For this exercise, write out only the lines of the entries below from the one with "On this screen, select" up to and including the one with "So that's just", exactly as they are. Pictures stay out.

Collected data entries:
▬▬▬
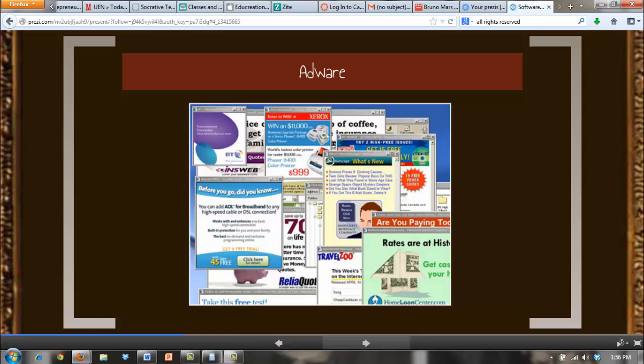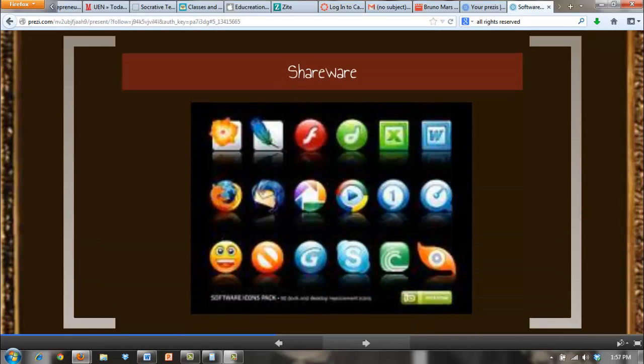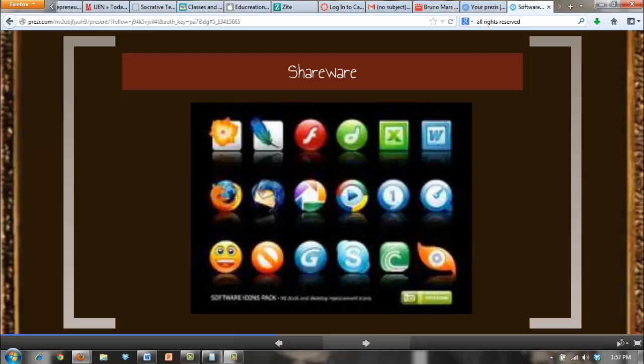Freeware is also different from shareware in that shareware requires a payment if the software is used past a trial date. Shareware is software that is available to download online for free until the trial evaluation is over. At the end of the trial period, the user is bound by an electronic user license agreement to either uninstall the software or to pay to continue to use it. Shareware trial periods vary from a few days to a month.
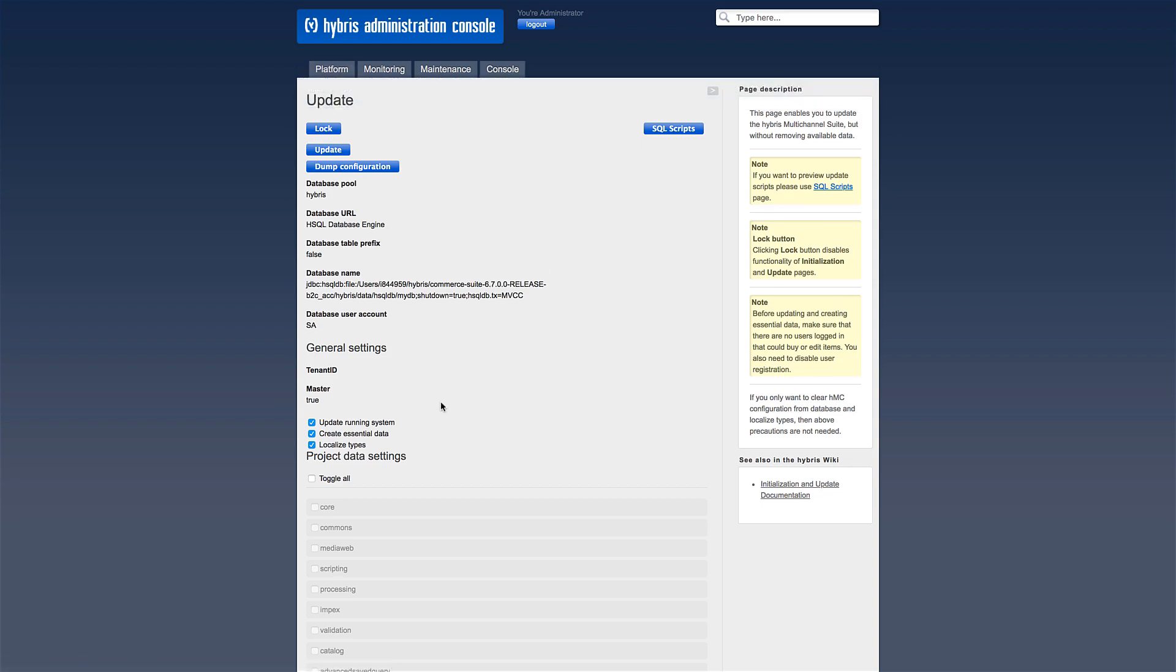On this screen, select the first three checkboxes. Update running system to make any necessary database modifications. Create essential data to import any basic data setup needed by the extension.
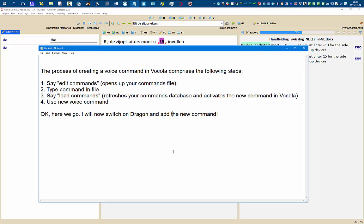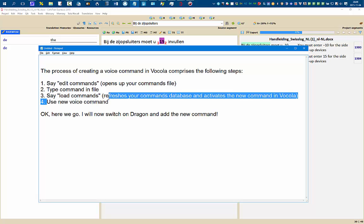In this video I'm going to show you how to create a voice command in Vocola. The process comprises the following steps: I'll say 'edit commands' to open up my command file, then I'm going to type the command into this file, then I'm going to say 'load commands'. This will refresh my commands database and activate the new command in Vocola. Then I'm going to use the new command.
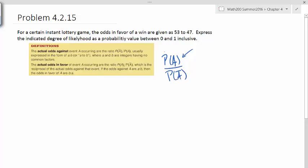So that's just writing it backwards. Now we have to interpret this as a probability. So it's a to b, so it's 53 to 47, and we will further interpret that as 53 divided by 47.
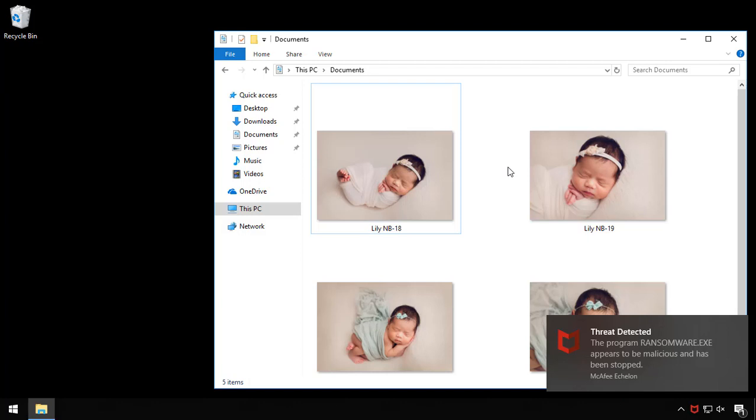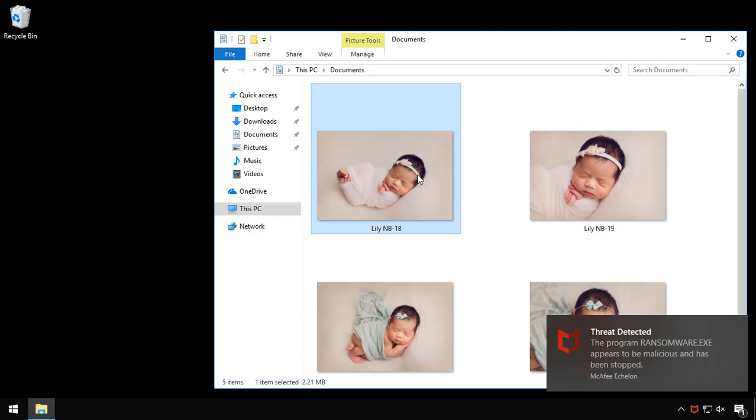After the files are restored, it'll kill the ransomware process automatically and delete that as well, as well as rolling back any other artifacts created by the process, such as any registry keys or services. So, as we can see, McAfee has the advanced capabilities to provide phenomenal protection against ransomware. And of course, save my baby pictures.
▬▬▬
OUTPUT OF THE EXERCISE:
On this screen, select the first three checkboxes. Update running system to make any necessary database modifications. Create essential data to import any basic data setup needed by the extension.
In this video I'm going to show you how to create a voice command in Vocola. The process comprises the following steps: I'll say 'edit commands' to open up my command file, then I'm going to type the command into this file, then I'm going to say 'load commands'. This will refresh my commands database and activate the new command in Vocola. Then I'm going to use the new command.
So that's just writing it backwards. Now we have to interpret this as a probability. So it's a to b, so it's 53 to 47, and we will further interpret that as 53 divided by 47.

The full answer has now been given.